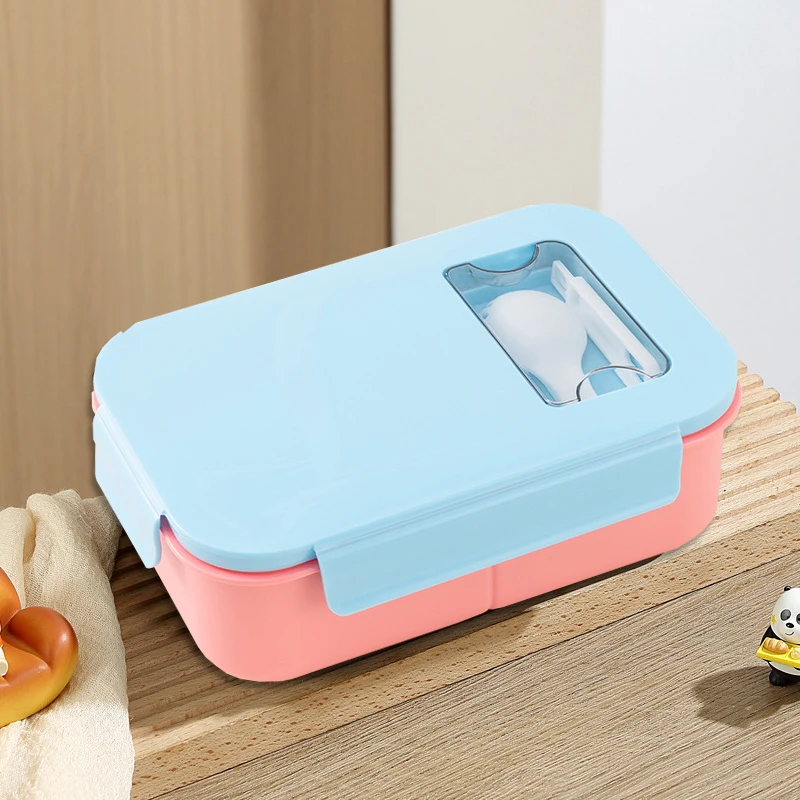 

Cartoon Anime 3 Grids Lunch Box Letter A-Z Students Outdoor Extracurricular Activities Food Containers Fashion Kid Snack Storage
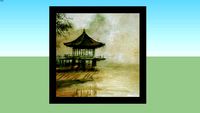 Quadro pintura japonesa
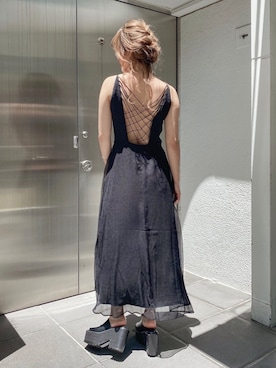 「EVRIS（エヴリス）のアイテム」を使った、karenさん（レディース・156cm）の夏コーディネート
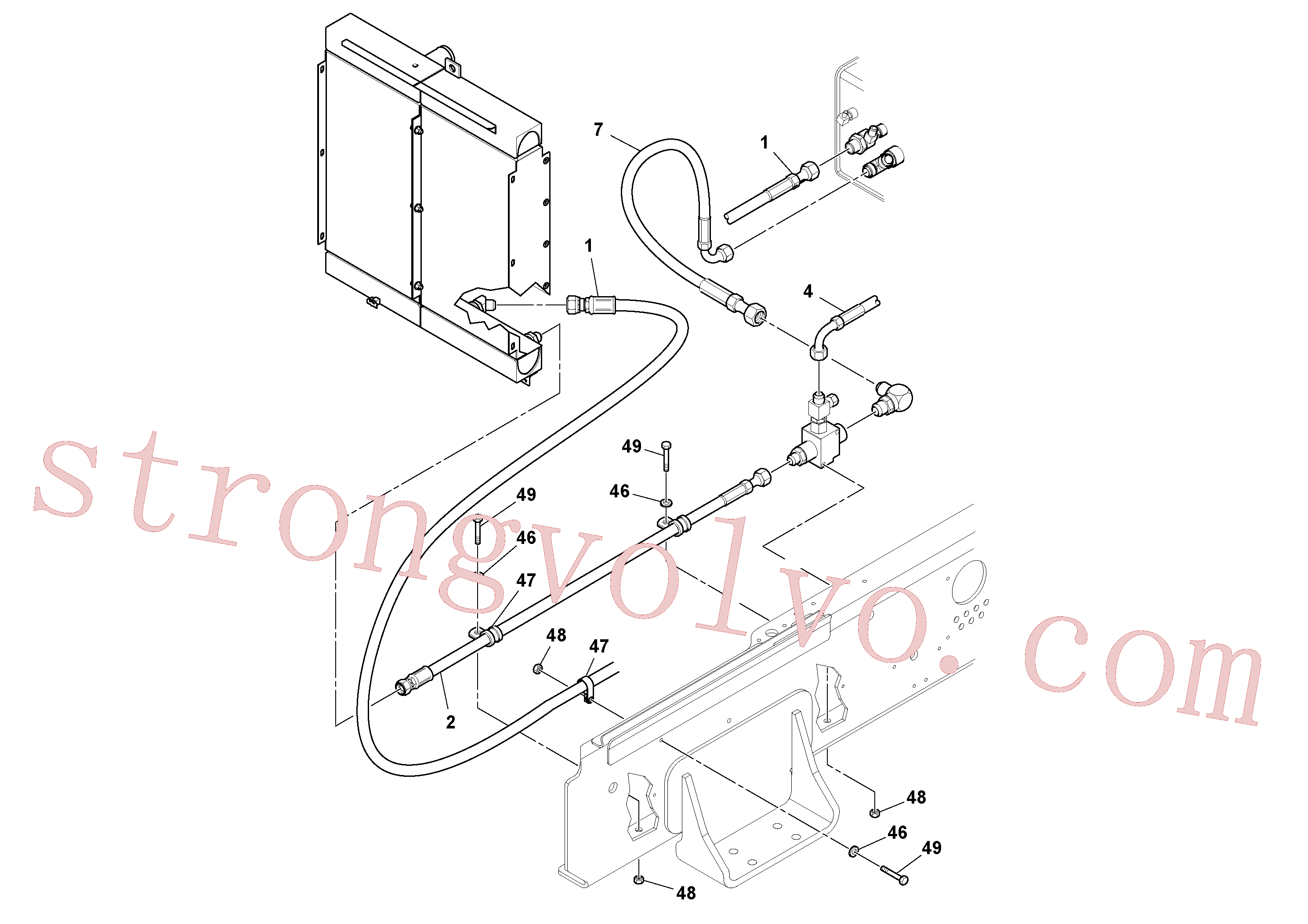 RM13207873 Volvo Instalação de mangueiras(1048980 Montagem)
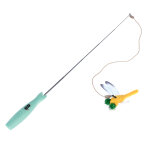 Canne  pche tiaki avec libellule et pointeur led pour chat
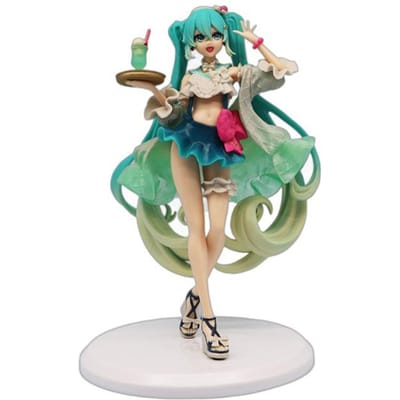 18cm Hatsune Miku Anime Figuur Zoete Zoetigheden Frisdrank Hatsune Miku Actiefiguren Kawaii Meisje Figurine PVC Set Model Poppen Speelgoed
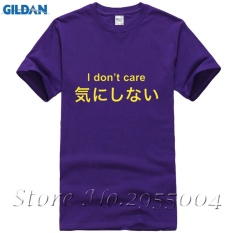 Mens T-Shirt Hammer Dicetak Super Hero Anime Man Cotton Lengan Pendek T Kemeja Ungu-Intl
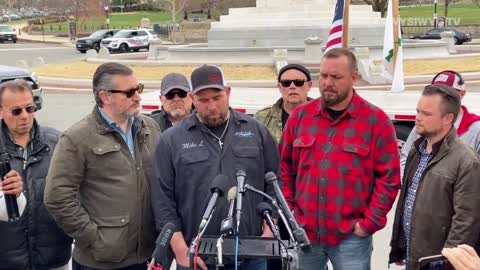 Ted Cruz gives press conference at the Capitol with The People's Convoy 3-10-22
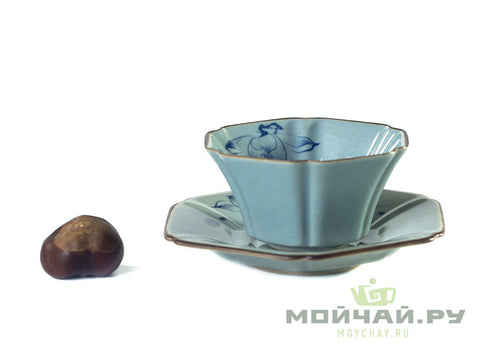 Cup with stand # 22051, ceramic, 55 ml.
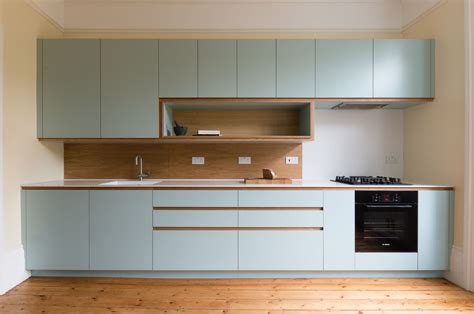 Bespoke Kitchen In Custom Laminated Birch Plywood And Solid Oak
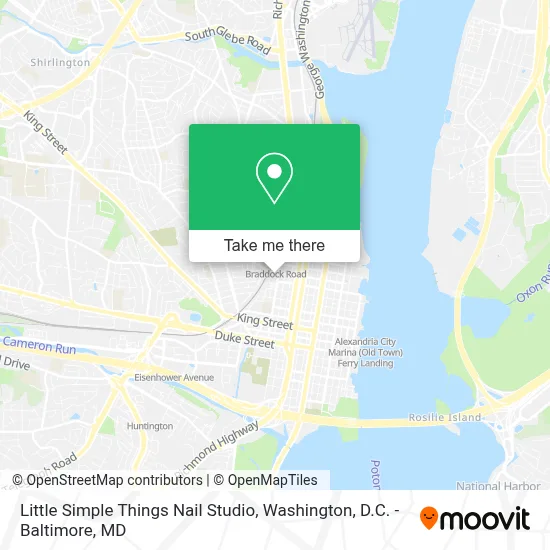 Little Simple Things Nail Studio map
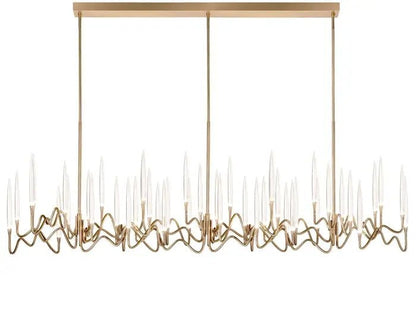 Pezzo Crystal Long Chandelier L78'' 59'' 40'' - Zelno Lighting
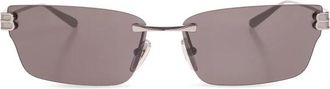 Balenciaga Rechthoekige Zonnebril - Dames - Zonnebrillen - Grijs - ONE Size - Accessoires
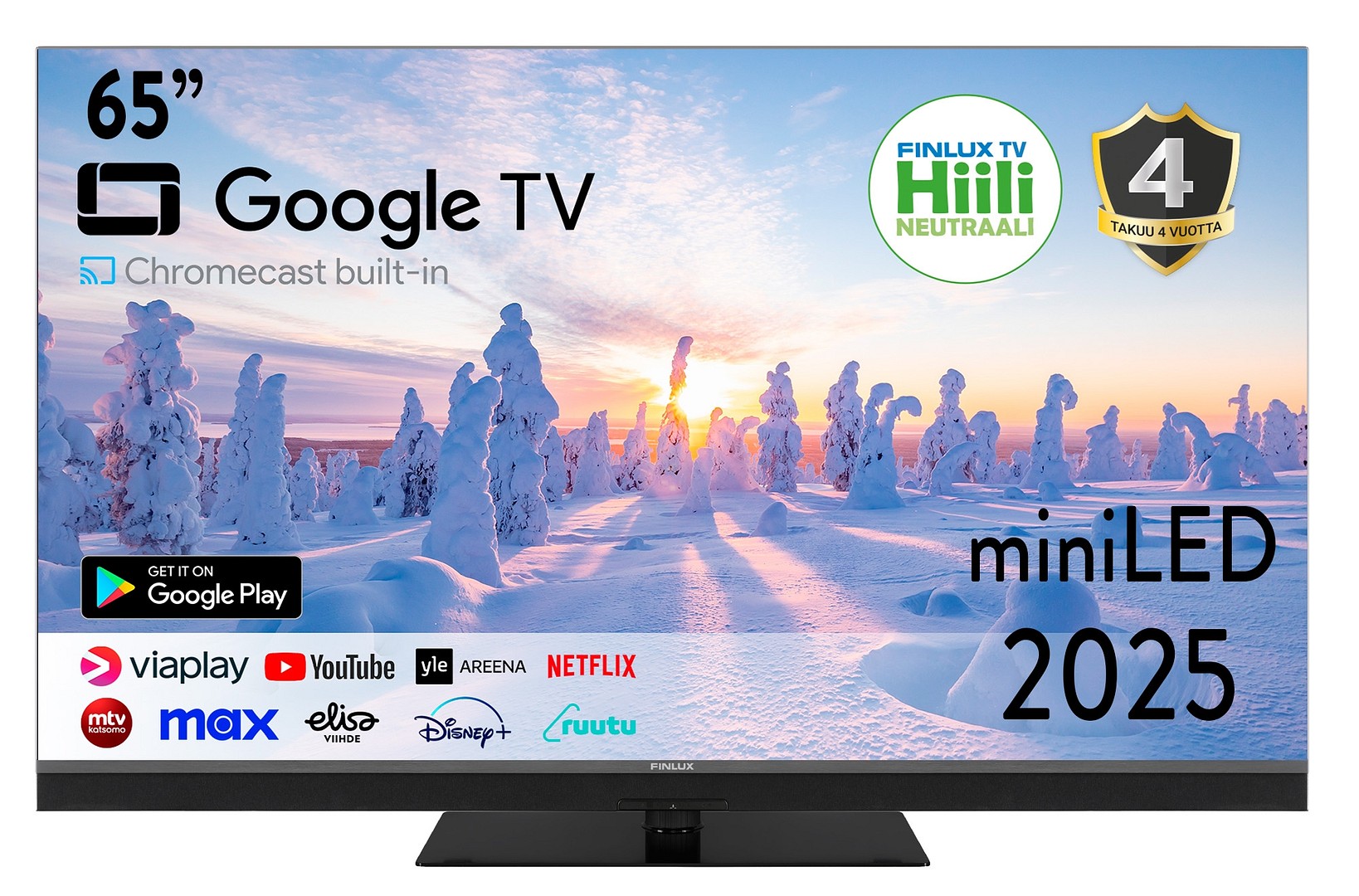 FINLUX 65G12.2GCMB G12 Miniled Google Tv 65g12.2gcmb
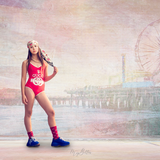 Digital Studio Backdrop: Sunset Pier - Meg Bitton Productions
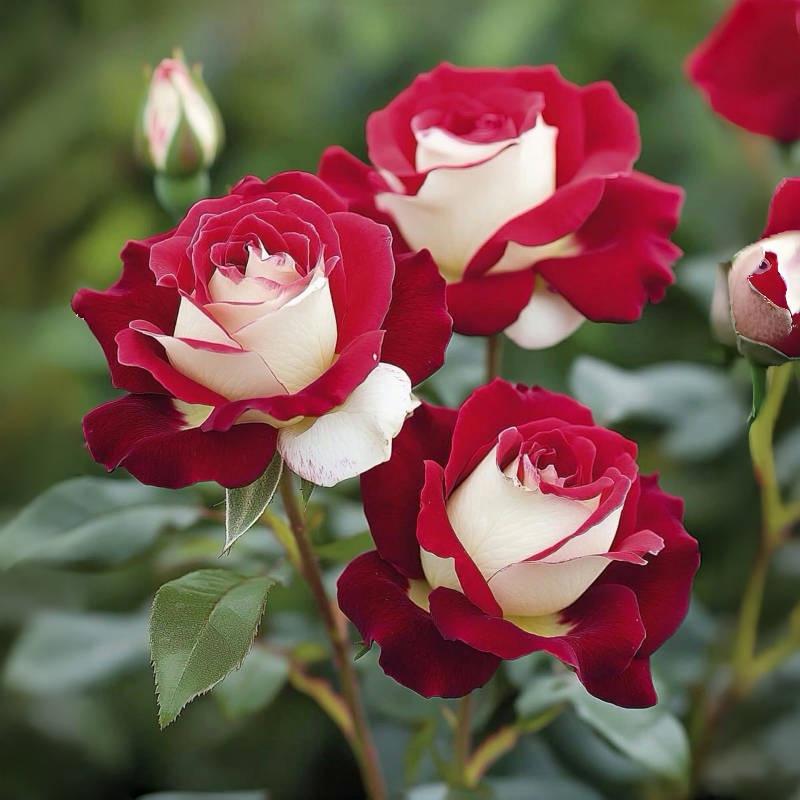 E-shop 90 Stück Doppelblüten-Rosen: Hitzebeständige und trockenheitsresistente Bonsai, duftende Blüten für Innen- und Außengärten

= = = = = = =

▸ Work task: Only an exact, picture-free copy of the entries counts as the answer.

▸ Reply to the task:
Cartoon Anime 3 Grids Lunch Box Letter A-Z Students Outdoor Extracurricular Activities Food Containers Fashion Kid Snack Storage
 Quadro pintura japonesa
 「EVRIS（エヴリス）のアイテム」を使った、karenさん（レディース・156cm）の夏コーディネート
 RM13207873 Volvo Instalação de mangueiras(1048980 Montagem)
 Canne  pche tiaki avec libellule et pointeur led pour chat
 18cm Hatsune Miku Anime Figuur Zoete Zoetigheden Frisdrank Hatsune Miku Actiefiguren Kawaii Meisje Figurine PVC Set Model Poppen Speelgoed
 Mens T-Shirt Hammer Dicetak Super Hero Anime Man Cotton Lengan Pendek T Kemeja Ungu-Intl
 Ted Cruz gives press conference at the Capitol with The People's Convoy 3-10-22
 Cup with stand # 22051, ceramic, 55 ml.
 Bespoke Kitchen In Custom Laminated Birch Plywood And Solid Oak
 Little Simple Things Nail Studio map
 Pezzo Crystal Long Chandelier L78'' 59'' 40'' - Zelno Lighting
 Balenciaga Rechthoekige Zonnebril - Dames - Zonnebrillen - Grijs - ONE Size - Accessoires
 FINLUX 65G12.2GCMB G12 Miniled Google Tv 65g12.2gcmb
 Digital Studio Backdrop: Sunset Pier - Meg Bitton Productions
 E-shop 90 Stück Doppelblüten-Rosen: Hitzebeständige und trockenheitsresistente Bonsai, duftende Blüten für Innen- und Außengärten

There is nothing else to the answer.